Dealing With Franchisee Disputes
Ideally, franchising is a mutually beneficial arrangement. On one side, the franchising organization grows and prospers by offering investors the chance to use its successful name and business model in return for royalties and franchising fees. On the other side, franchise owners get the opportunity to start a business that has a greater chance of success than an independent business would and comes with a pre-existing customer base.
It seems that with so much to gain on both sides that there could be little cause for complaint from either party. Of course, that isn’t at all realistic. The truth is that franchisors and their franchisees bump heads regularly. Any franchising company whose Franchise Disclosure Document doesn’t list at least a few lawsuits hasn’t been franchising very long. Franchisor/franchisee disputes are so common, in fact, that a whole subset of legal council has arisen to cater to parties on both sides.
However, in most instances it does not serve a franchisor well to allow things to progress to the point of litigation. As mentioned, those suits all have to go into the franchisor’s FDD. Even if the case goes in favor of the franchisor, having those complaints levied by franchisees does not look good for potential investors.
In order to prevent litigation, franchisors may attempt to resolve conflicts through other channels first. In fact, many franchising agreements may even include mediation and arbitration clauses which obligate franchisees to pursue resolution through this channels before, or in lieu of, pursuing legal recourse. However, such clauses are not the norm.
Mediation and arbitration clauses are not common because of one simple fact. When push comes to shove, the franchisor can almost always out-gun the franchisee in court. So, while the franchisor may prefer to avoid litigation, if it feels that its chances of coming out ahead through mediation or arbitration are week, then it may prefer to take the hit of the FDD suit disclosure and go for the win in court.
Those franchisors who do not contractually obligate their franchisees to pursue mediation and arbitration are often still inclined to push those means of resolution. Again, avoiding litigation is best for the franchisor in almost all instances (except those wherein the franchisor probably really is in the wrong). This does not mean that mediation and arbitration cannot work in favor of the franchisee, though.
In fact, mediation or arbitration, either one, is often mutually beneficial to both parties. It, of course, allows the franchisor to avoid potentially embarrassing litigation. For the franchisee, it provides a means of having his or her complaint heard and addressed without the expense of going to court. Since arbitration is generally binding, as per agreement before arbitration, it can be just as effective as litigation.

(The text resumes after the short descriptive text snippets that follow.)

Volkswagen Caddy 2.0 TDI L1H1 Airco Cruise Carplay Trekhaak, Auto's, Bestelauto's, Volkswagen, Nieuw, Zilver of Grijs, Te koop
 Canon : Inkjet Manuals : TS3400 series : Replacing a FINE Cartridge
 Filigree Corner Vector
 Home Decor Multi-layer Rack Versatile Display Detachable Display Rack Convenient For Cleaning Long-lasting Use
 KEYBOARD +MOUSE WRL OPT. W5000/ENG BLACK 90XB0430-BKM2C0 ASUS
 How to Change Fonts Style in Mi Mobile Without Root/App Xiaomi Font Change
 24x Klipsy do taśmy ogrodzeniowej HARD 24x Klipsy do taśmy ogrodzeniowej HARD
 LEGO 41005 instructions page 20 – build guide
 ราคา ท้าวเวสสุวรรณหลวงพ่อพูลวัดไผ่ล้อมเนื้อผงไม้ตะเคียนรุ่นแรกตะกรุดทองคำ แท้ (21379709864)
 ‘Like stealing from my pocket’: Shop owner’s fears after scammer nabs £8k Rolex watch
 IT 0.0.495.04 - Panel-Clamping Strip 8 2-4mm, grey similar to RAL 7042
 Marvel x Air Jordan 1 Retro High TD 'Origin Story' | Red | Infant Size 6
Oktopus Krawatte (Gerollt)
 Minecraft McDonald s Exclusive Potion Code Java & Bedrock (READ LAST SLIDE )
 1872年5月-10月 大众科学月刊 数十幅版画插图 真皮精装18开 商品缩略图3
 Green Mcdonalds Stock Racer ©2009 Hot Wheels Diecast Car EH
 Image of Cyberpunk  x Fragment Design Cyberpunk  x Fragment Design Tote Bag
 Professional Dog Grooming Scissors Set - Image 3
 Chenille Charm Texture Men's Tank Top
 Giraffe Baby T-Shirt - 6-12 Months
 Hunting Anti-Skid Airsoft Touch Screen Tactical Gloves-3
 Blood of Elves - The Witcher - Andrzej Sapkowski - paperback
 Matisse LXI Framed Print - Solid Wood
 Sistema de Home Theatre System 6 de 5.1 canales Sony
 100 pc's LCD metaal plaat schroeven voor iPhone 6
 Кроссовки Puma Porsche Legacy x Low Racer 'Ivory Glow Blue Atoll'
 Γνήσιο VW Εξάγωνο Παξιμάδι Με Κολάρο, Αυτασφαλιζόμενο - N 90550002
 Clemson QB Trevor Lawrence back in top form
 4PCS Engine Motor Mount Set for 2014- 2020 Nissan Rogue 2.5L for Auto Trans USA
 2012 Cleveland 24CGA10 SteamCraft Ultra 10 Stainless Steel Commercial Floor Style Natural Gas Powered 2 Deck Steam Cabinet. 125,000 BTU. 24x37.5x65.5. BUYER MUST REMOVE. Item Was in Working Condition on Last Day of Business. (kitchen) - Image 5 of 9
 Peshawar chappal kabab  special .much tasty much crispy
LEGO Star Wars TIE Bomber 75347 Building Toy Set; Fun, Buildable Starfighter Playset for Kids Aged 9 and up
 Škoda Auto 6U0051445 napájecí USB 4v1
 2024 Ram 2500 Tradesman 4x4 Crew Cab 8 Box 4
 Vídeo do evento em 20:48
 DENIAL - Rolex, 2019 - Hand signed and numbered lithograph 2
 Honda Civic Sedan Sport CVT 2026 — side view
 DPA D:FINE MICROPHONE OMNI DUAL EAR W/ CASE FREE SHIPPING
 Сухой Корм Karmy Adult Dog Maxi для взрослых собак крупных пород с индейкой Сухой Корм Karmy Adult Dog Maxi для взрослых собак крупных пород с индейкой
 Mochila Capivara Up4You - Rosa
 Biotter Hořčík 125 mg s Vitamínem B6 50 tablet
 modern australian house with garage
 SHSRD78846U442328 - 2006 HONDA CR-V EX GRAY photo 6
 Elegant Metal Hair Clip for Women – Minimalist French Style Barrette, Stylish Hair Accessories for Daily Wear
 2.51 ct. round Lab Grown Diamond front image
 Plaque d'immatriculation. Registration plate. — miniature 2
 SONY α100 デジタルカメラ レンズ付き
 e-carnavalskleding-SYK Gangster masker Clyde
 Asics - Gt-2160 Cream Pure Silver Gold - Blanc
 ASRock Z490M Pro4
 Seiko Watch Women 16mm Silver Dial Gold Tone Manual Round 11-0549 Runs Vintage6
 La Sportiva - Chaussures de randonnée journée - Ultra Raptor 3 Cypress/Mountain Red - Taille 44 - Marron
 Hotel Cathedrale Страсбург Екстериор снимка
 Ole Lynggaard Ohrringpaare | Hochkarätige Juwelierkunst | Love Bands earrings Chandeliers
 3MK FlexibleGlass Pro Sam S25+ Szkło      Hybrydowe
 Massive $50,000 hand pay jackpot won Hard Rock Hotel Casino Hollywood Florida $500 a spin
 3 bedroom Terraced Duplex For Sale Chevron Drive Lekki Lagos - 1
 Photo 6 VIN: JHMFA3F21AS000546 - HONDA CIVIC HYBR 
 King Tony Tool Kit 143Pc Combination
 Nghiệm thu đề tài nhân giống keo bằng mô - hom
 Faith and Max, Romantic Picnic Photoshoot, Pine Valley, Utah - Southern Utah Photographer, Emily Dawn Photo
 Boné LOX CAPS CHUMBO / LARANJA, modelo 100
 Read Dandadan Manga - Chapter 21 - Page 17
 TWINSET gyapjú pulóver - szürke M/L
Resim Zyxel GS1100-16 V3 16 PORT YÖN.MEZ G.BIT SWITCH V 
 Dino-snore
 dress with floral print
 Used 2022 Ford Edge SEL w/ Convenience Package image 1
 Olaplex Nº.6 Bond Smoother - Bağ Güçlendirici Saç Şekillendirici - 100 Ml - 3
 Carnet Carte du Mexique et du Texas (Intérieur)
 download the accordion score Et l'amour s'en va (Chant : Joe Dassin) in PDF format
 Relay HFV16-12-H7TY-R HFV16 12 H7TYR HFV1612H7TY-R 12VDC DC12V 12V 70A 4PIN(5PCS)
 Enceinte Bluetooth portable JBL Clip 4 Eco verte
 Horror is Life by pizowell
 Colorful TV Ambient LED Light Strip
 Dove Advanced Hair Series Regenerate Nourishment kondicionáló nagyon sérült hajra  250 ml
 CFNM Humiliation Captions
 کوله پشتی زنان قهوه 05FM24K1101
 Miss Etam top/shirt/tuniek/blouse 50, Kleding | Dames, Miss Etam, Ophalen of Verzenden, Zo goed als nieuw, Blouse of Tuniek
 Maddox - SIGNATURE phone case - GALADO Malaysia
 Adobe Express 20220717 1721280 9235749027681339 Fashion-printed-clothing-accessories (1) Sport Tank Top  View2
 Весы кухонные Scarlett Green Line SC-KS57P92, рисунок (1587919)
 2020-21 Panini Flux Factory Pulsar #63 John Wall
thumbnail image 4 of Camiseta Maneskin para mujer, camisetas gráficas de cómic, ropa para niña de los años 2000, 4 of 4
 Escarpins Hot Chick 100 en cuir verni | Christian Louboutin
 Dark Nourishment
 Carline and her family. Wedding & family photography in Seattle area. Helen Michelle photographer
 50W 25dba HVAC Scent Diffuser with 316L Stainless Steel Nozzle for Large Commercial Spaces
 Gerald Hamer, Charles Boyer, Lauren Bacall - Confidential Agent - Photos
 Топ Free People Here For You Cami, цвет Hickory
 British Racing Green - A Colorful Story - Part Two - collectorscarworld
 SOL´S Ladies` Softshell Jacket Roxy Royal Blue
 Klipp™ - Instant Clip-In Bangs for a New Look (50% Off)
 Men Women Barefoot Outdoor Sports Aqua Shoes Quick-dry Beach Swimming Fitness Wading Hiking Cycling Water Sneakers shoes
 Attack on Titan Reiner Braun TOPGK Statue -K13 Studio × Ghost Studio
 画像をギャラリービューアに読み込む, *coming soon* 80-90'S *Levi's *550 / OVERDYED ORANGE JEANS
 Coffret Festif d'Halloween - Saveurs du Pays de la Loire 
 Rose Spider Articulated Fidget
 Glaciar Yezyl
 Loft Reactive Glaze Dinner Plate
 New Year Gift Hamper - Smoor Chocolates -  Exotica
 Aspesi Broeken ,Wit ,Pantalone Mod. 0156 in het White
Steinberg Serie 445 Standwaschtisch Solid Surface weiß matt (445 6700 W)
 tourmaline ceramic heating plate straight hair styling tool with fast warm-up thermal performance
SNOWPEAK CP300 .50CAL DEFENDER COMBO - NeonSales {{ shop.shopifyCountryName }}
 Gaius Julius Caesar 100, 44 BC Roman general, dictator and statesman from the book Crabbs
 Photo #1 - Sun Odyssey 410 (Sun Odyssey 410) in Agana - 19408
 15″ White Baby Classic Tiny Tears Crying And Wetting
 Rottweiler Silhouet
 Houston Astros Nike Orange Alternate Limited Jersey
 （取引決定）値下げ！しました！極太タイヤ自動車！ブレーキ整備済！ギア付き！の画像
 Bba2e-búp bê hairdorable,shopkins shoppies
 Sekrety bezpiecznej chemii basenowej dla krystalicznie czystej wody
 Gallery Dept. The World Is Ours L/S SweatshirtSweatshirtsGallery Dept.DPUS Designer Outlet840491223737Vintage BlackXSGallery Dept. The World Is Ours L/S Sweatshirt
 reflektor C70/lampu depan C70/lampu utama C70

Though mediation is generally not binding (unless both parties agree to abide by it after the fact), it can still provide a channel to allow franchisor and franchisee to reach a mutual understanding and agreement without escalating the conflict beyond the point of repair. Generally, by the time a dispute reaches court there is no longer any chance of maintaining a working relationship. Mediation and arbitration both allow conflicts to be addressed while preserving the franchisor/franchisee relationship.